Ein "Übergänger" ist ein Mensch, der von einer Klasse oder Liga in eine andere wechselt. "Der Übergänger" - so ist auch das Buch betitelt, in dem Armin Thurnher vom Journalisten zum Romancier mutiert. Doch der Chefredakteur des "Falter" und Verfasser mehrerer zeitkritischer Essaybände wechselt in seinem neuesten Buch nicht nur das Genre, sondern auch die Thematik: Obwohl die österreichische Politik mehrmals als Nebenthema an--klingt - sogar ein kunstsinniger "roter Bundeskanzler" tritt auf -, handelt "Der Übergänger" im Wesentlichen von der Musik.
Es berichtet ein Ich-Erzähler, und Thurner macht sich nicht die literarische Mühe, ihn als Alter Ego zu verkleiden. Stattdessen spricht ein (recht dominantes) Ego, das den Namen "Armin Thurnher" ausdrücklich beibehält. Allerdings stellt sich hier kein politischer Journalist vor, sondern ein musikalischer Enthusiast: Er berichtet von seinen Leiden und Freuden als engagierter Freizeit-Pianist und porträtiert interessante Künstler aus seiner Bekanntschaft. Vom jungen Wiener Pianisten Till (der Nachname bleibt ungenannt, doch werden Kenner der Szene gewiss ein "Fellner" ergänzen) lässt sich der dilettierende Klavierspieler zum Beispiel erklären, wie man effizient übt. Und Agathe, "eine der großen Geigerinnen unserer Zeit", gehört zu seinen Kammermusikpartnerinnen. Die beiden beschäftigen sich unter anderem mit Mozarts Sonate für Klavier und Violine in e-Moll - besonders gut gelingt ihnen der zweite Satz, der von Thurnher treffend als "Menuett von einer innigen Eleganz und tiefkoketten Trauer" charakterisiert wird.
Im Zentrum dieser literarischen Beschäftigung mit den Schönheiten der klassischen Musik steht allerdings nicht die eigene musikalische Praxis, sondern die Kunst eines verehrten Interpreten.

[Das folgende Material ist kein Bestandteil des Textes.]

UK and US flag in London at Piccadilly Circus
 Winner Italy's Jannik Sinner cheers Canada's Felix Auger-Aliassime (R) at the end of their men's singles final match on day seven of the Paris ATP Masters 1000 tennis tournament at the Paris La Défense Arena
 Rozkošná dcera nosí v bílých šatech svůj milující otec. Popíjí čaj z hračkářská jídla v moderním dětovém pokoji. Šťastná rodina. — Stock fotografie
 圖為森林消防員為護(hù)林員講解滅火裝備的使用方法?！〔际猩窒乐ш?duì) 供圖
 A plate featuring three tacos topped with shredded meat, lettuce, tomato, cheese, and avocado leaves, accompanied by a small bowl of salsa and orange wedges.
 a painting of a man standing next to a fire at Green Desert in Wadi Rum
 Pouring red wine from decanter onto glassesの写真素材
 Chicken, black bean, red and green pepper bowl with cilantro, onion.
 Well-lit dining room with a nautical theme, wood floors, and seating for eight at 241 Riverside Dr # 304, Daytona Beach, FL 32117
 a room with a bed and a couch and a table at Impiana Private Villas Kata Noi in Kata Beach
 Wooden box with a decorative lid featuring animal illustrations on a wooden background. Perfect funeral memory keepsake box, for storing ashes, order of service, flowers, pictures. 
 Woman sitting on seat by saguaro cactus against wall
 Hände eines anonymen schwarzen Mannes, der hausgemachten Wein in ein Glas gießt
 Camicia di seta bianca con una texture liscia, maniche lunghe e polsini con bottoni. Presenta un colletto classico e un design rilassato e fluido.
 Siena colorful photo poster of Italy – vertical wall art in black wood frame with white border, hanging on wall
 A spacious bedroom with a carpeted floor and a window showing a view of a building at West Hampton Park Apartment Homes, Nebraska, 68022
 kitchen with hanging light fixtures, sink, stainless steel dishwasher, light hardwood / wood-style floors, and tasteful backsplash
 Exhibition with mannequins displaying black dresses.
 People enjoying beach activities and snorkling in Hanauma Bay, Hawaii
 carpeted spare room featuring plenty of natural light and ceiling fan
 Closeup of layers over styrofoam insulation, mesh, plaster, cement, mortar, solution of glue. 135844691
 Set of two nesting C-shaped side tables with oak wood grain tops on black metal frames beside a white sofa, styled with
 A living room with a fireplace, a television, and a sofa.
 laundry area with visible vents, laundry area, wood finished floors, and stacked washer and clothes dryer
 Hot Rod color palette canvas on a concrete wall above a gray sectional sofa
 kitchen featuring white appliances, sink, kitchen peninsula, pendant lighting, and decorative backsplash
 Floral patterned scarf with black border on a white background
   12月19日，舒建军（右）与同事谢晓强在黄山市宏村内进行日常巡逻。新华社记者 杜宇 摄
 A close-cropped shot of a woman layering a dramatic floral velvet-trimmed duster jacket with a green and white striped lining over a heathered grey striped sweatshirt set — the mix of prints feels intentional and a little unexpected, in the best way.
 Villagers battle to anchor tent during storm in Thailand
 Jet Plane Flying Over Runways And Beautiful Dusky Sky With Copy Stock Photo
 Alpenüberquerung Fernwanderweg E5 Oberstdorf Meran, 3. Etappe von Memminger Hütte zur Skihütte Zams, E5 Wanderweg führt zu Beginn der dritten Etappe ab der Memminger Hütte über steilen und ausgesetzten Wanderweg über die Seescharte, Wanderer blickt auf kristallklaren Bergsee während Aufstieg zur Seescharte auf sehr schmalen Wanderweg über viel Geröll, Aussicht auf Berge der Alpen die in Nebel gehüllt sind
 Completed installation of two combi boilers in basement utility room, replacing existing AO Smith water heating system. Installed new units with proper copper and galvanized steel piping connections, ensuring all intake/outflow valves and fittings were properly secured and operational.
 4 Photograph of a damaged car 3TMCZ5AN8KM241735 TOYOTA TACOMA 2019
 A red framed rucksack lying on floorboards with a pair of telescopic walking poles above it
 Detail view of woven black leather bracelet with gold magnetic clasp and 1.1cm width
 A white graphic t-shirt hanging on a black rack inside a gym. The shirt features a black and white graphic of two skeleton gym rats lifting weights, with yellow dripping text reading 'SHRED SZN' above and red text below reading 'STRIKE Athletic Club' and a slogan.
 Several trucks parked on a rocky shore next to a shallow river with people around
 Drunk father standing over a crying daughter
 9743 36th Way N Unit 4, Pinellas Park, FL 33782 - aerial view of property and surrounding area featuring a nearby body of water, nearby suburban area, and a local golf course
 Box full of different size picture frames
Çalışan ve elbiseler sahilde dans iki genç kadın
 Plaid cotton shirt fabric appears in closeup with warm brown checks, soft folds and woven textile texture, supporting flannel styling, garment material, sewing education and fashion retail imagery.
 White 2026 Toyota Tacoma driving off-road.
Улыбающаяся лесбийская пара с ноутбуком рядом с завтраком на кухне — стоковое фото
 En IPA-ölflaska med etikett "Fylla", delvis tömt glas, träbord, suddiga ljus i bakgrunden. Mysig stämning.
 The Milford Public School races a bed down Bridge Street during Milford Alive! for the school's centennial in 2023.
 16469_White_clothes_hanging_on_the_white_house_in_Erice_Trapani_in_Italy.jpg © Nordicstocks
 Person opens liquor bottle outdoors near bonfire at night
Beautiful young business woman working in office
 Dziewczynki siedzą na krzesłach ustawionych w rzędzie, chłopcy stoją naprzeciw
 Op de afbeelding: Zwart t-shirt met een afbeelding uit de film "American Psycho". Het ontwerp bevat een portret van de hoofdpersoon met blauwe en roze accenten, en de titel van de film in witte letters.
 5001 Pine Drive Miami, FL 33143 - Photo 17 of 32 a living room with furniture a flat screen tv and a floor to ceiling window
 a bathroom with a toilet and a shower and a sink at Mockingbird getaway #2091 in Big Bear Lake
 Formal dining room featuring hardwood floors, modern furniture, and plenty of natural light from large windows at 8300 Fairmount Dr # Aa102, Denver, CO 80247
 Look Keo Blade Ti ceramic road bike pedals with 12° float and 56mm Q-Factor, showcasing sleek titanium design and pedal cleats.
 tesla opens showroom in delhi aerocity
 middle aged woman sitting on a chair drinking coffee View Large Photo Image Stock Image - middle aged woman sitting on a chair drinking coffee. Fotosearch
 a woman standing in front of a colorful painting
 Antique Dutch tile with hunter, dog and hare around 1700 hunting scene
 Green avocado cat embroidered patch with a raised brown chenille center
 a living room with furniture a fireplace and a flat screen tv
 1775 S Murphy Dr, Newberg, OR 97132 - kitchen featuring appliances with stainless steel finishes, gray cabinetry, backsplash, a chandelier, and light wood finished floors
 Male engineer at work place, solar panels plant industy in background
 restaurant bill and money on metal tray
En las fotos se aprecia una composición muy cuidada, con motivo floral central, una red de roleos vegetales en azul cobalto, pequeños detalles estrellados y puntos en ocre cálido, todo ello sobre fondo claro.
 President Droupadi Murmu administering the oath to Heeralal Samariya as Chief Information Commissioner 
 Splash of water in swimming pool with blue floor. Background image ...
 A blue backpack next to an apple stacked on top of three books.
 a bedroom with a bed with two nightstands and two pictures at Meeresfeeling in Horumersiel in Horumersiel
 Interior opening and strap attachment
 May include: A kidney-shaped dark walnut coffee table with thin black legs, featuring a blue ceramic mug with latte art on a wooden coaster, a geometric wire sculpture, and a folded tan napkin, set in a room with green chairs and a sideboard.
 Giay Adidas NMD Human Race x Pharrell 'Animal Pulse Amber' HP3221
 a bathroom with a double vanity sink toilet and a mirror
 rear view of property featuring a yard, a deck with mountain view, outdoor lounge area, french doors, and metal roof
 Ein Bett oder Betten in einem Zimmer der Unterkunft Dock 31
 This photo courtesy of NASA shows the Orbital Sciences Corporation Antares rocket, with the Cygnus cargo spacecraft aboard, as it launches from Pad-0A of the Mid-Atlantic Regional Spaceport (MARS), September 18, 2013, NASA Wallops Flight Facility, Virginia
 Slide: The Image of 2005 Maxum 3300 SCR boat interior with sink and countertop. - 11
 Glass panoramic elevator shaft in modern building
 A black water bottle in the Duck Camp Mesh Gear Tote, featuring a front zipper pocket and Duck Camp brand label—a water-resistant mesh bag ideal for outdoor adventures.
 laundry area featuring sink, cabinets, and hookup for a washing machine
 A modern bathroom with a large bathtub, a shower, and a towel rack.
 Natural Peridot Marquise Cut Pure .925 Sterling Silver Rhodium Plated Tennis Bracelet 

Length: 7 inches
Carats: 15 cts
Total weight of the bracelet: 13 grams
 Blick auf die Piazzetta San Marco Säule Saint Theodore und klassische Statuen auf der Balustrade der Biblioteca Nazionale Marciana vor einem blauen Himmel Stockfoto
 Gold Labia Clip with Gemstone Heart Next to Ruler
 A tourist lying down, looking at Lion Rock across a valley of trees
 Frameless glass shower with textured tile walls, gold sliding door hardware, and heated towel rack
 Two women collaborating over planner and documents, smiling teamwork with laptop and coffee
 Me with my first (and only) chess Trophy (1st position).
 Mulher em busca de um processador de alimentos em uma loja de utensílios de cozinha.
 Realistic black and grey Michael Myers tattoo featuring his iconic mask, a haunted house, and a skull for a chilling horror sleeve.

Thomas Bernhard beschrieb seinerzeit im Roman "Der Untergeher" den Pianisten Wertheimer, der an übertriebener Glenn Gould-Verehrung zugrunde gegangen ist. Was Gould für Wertheimer, ist Alfred Brendel für Thurnher, und so ist "Der Übergänger" unter anderem auch eine Variation über ein Thema von Bernhard.
Vielleicht arrangiert der Autor seine Romanhandlung auch deshalb ein wenig slapstickhaft: Die Geschichte wird dadurch vorangetrieben, dass der Erzähler von Anfang an darum bemüht ist, den Pianisten zu treffen, dass aber immer etwas dazwischen kommt, was ein solches Treffen verhindert. Thurnher erzählt also nicht die Geschichte einer intensiven Begegnung, sondern die einer andauernden Verfehlung. Erst am Schluss des Buches kommt es zu einer etwas näheren Bekanntschaft zwischen den beiden Hauptfiguren des Romans.
Im persönlichen Umgang zeigt sich dann deutlicher als im Konzert, dass Brendel auch sehr witzige und boshafte Seiten hat. Und der Autor, dem die Ironie zum Glück auch nicht ganz fremd ist, genießt die Begegnung mit dem sozusagen inoffiziellen Alfred Brendel sehr.
Dennoch ist das Buch in seinen wesentlichen Aussagen ernster gemeint, als sein lockerer Erzählton vorgibt: "Wem das Herz voll ist, dem geht der Mund über", heißt es in der Bibel, und auch in diesem biblischen Sinn ist Thurnher ein "Übergänger": Ihm geht der Mund wahrlich über. Er preist Brendel in höchsten Tönen, weil der ihm als "der letzte große Pianist des Bildungsbürgertums" erscheint - wobei die kulturkritische Pointe darin besteht, dass der hochgebildete Pianist kaum noch mit einem kongenialen bildungsbürgerlichen Publikum rechnen kann.
Wenn Thurnher Recht hat, dann verstehen nur wenige die Intentionen Brendels, aber wer sich (wie der Autor) zu diesen Wenigen zählt, verehrt den ernsten, strengen Künstler als Repräsentanten des absoluten Wollens und Könnens. Ein Freund sagt einmal ironisch zum Erzähler: "Du bist der weltweit größte Fan von Brendel, das wissen wir". Und was die Freunde des Autors schon lange wussten, erfahren jetzt auch die Leser seines ersten Romans: Denn der ist im Wesentlichen eine Huldigungsschrift für einen großen Musiker. Nicht mehr, aber auch nicht weniger.
Armin Thurnher: Der Übergänger. Roman. Zsolnay Verlag, Wien 2009, 252 Seiten, 20,50 Euro.